Breakfast and lunch are provided every day, as well as take-home bags. Children play games, do crafts or other activities related to a theme, and wind up the camp with a special field trip. This year’s Reading Camp theme was “The Write Stuff.” The camp ran June 10-14, and then Thursdays in July (except July 4).
Residents in the area are a mix of folks who are doing their best to deal with the environmental impacts of mountaintop removal mining, and coal miners who support mountaintop removal. They suffer from the lack of economic opportunities in towns abandoned by coal companies when the coal runs out or the market dries up. And all of it affects the children.
Reading Camp is held in the Clearfork Community Institute (CCI) located in Eagan, Tenn. which was formed in partnership with the Woodland Community Trust. When the Eagan School was closed, the community turned the school building into the CCI. There is lots of nice indoor space and lots of yard for the kids to play.
The Reading Camp program includes reading out loud, and The Fantastic Mr. Fox was the book selected for 2019. Children read the book and also created their own illustrations. This year the possibility of keeping a personal journal was introduced. The children received instruction on paper making to create covers for their journals. After they decorated the covers, they assembled their journals using covers and provided filler paper.

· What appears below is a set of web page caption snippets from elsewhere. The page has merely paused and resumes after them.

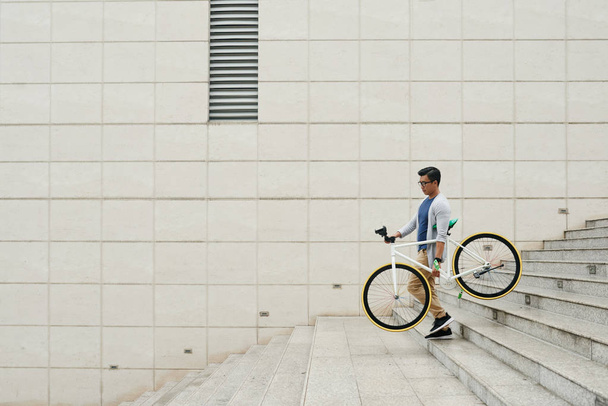 asiatischer Mann trägt Fahrrad und geht Treppe hinunter - Foto, Bild
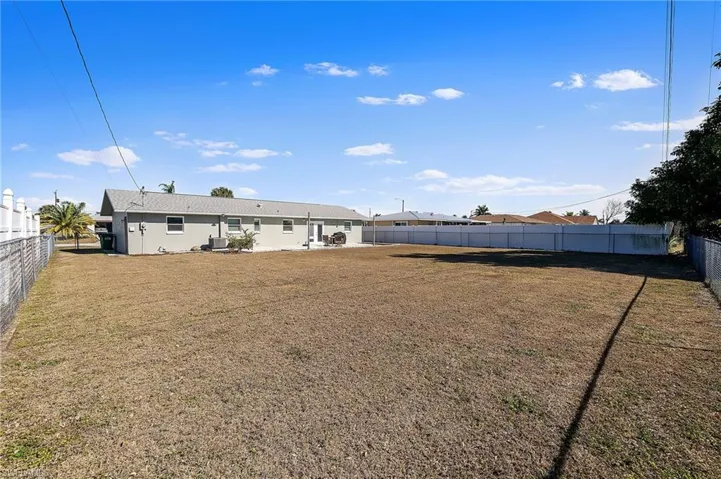 Back of property featuring a fenced backyard and a patio area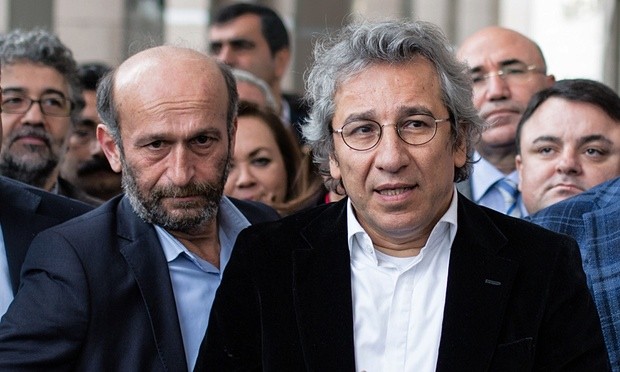 Erdem Gül (left) and Can Dündar speak to the media outside court in Istanbul, Turkey. Photograph: Vedat Arik/AP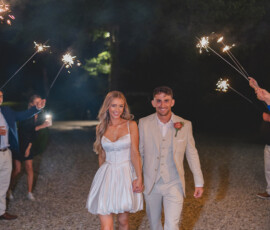 Smiling couple in wedding attire walks hand-in-hand at night, surrounded by sparklers at a joyful New Orleans wedding.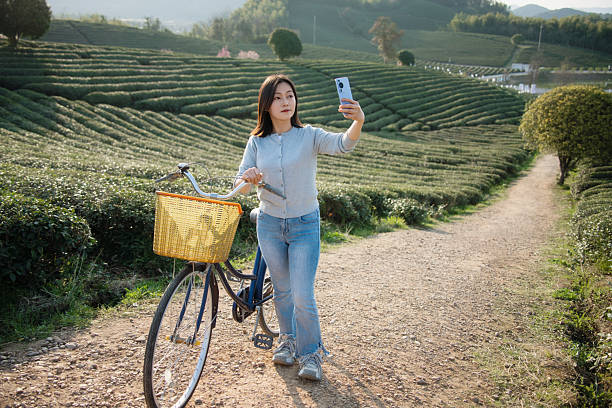 istock Asian woman is using smart phone take picture 2207288625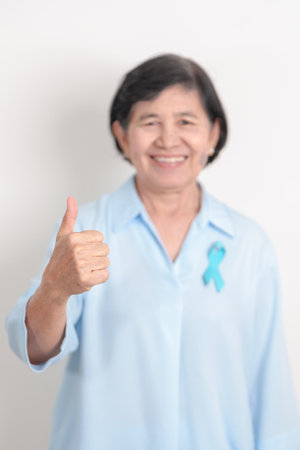 Elderly with blue Ribbon for Prostate Cancer Awareness month, April Child Abuse Prevention, National...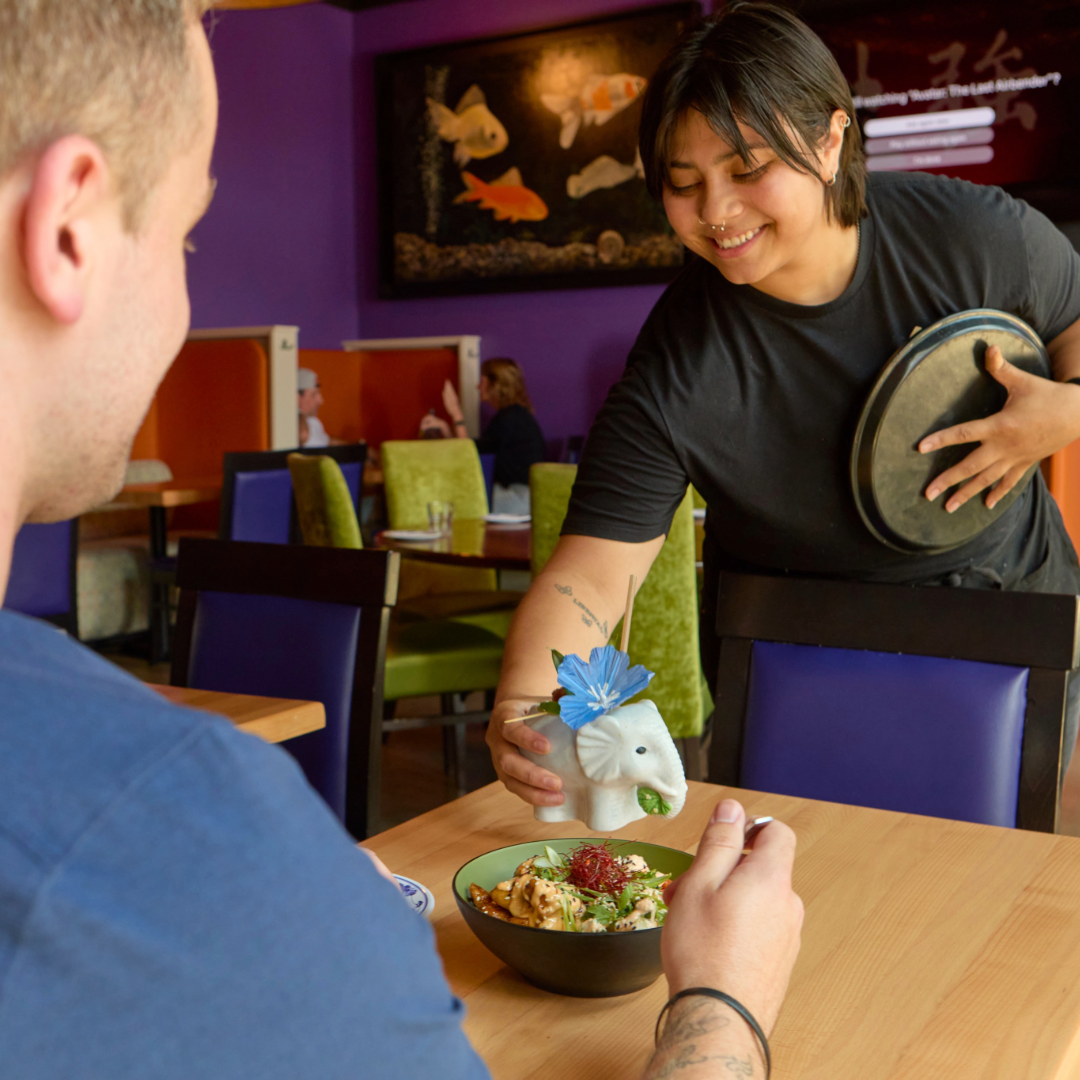 A server places a decorative elephant-shaped condiment holder with a blue flower on a bowl of food for a customer in a restaurant with colorful chairs and aquatic-themed wall art.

Another new addition this year was that the children, ages 5 to 14, created their own story. Early in the first Reading Camp week, the group talked about story writing then, building upon reading and creating illustrations for the story of The Fantastic Mr. Fox, they all got together to create something new. One child shared an idea, then another came up with an idea and the ideas kept coming. Even the creepy clown was an important part of the story for one child. Everything was worked through first on flip charts as the children made the story into a play assisted by teachers and Reading Camp volunteers. The East Tennessee Cursillo community lent costumes and the children picked out costumes they wanted, then went on to act in the roles they created for their play.
Some of the children have come to Reading Camp for all four years; some children didn’t come this year because their families had broken up, and some children have now grown up. One 17 year-old young man who has participated in past years, just graduated from high school and has become a helper. Teachers, volunteers, and children all enjoy their time together learning from each other during Reading Camp.